March 21, 2013 feature
Observations of early universe hint at a giant excess of anti-neutrinos
(Phys.org) —Scientists have a great deal of evidence to support the fact that the universe contains much more baryonic matter than baryonic anti-matter, a phenomenon known as baryon asymmetry. Baryons, which are defined as being made of three quarks, include protons and neutrons and make up the bulk of the atomic matter that we're familiar with in everyday life. But much less is known about the possibility of a lepton asymmetry, in which there are unequal amounts of leptons and anti-leptons in the universe. The best known examples of leptons are electrons and neutrinos. Neutrinos in particular are much harder to detect than baryons because they're much lighter, and so much less energetic.
In a new study, physicists Dominik J. Schwarz and Maik Stuke at Bielefeld University in Germany have published a paper in the New Journal of Physics in which they show that recent data from cosmic microwave background (CMB) experiments suggests that the universe contains an excess of anti-neutrinos (defined by their opposite chirality rather than opposite charge) compared with normal neutrinos. Further, this lepton asymmetry could potentially exceed the baryon asymmetry, which is 10-10, by several orders of magnitude. The total number of leptons could also exceed the total number of baryons in the universe.
"A 'leptonic universe' is a universe that contains many more leptons than baryons," Schwarz told Phys.org. "A universe with a vast amount of anti-neutrinos in it would be something unexpected. I can't say how it would change the overall picture, as we are just at the beginning to explore this idea."
Finding evidence for a lepton asymmetry is not easy. For one thing, leptons have such low energy that large numbers of them can easily hide in the neutrino background and escape scientists' attempts to detect them. But, as Schwarz and Stuke explain, leptons could be observable in the early universe because they would have affected nucleosynthesis (the production of nuclei that occurred just a few moments after the Big Bang) and the CMB (the radiation left over from the photon decoupling that occurred when the universe was about 400,000 years old).
In particular, leptons would have affected the production of helium in the early universe. In this study, the physicists measured the abundance of primordial helium in the universe using new CMB data from three sources: the Atacama Cosmology Telescope, the Southpole Telescope, and the WMAP Team. By comparing the results of this global analysis with previous results of helium abundance from local observations of extragalactic regions, the scientists could put some constraints on lepton asymmetry.
The data indicated that we may live in a universe ruled by anti-neutrinos instead of normal ones, which could have implications for how we currently understand what happened in the early universe. In addition, the anti-neutrino surplus would theoretically lead to an increase in the expansion rate of the universe. However, the data so far does not rule out the standard scenario of Big Bang nucleosynthesis.
"With regard to Big Bang Nucleosynthesis, [confirmed lepton asymmetry] would certainly falsify the standard scenario, which assumes that there is no lepton asymmetry," Schwarz said. "However, the new model for nucleosynthesis would not be radically different; it would just incorporate this new ingredient."
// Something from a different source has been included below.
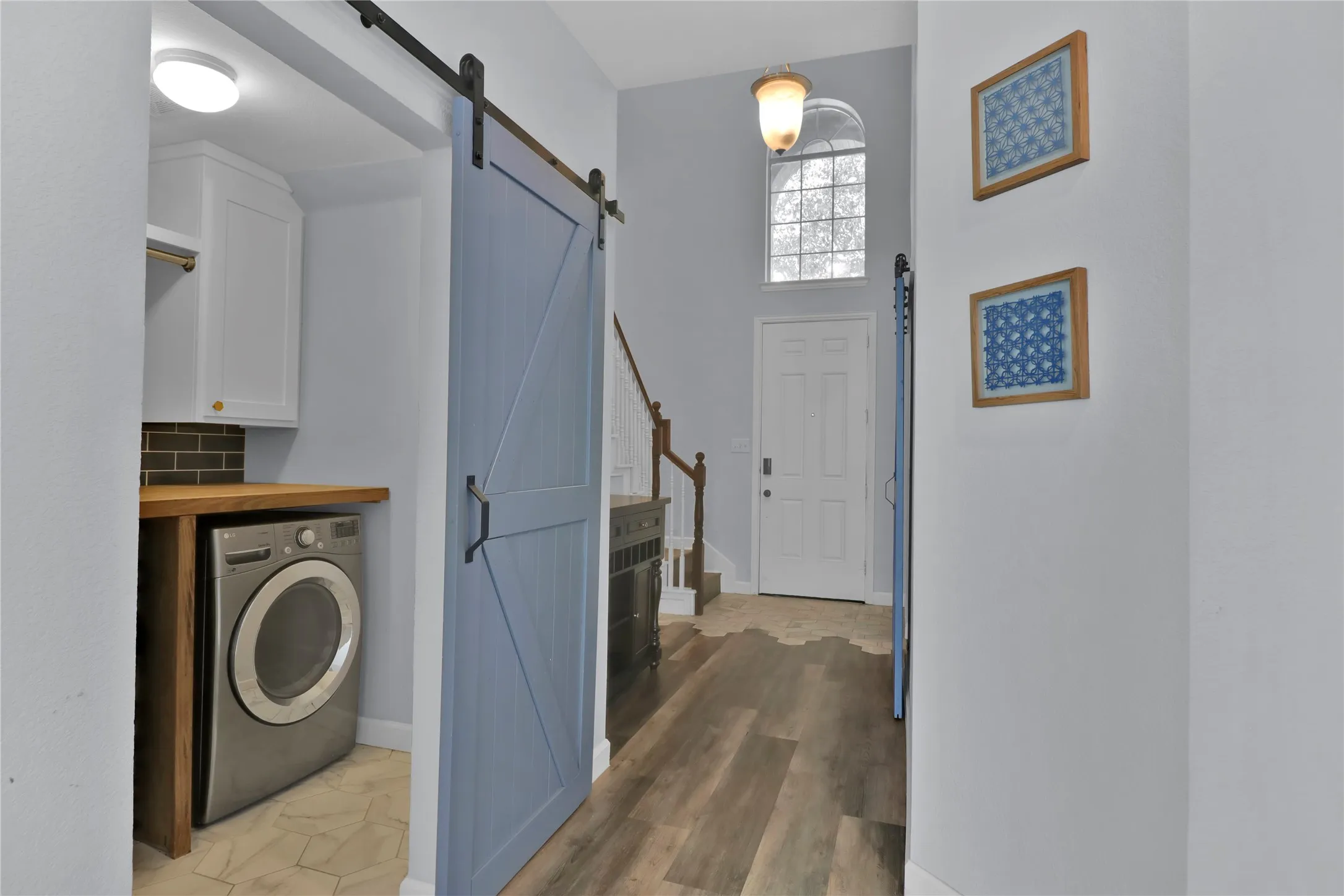 Barn door on laundry room for easy access.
In the future, the physicists hope that upcoming CMB data releases and improved measurements of primordial abundances will allow for further testing of lepton asymmetry.
"I think it would be surprising if the asymmetry in leptons turns out to be much larger than the asymmetry in baryons," Schwarz said. "Although in some sense, we should honestly admit that we don't know how the matter anti-matter asymmetry comes along. Thus we should not be surprised but rather open-minded."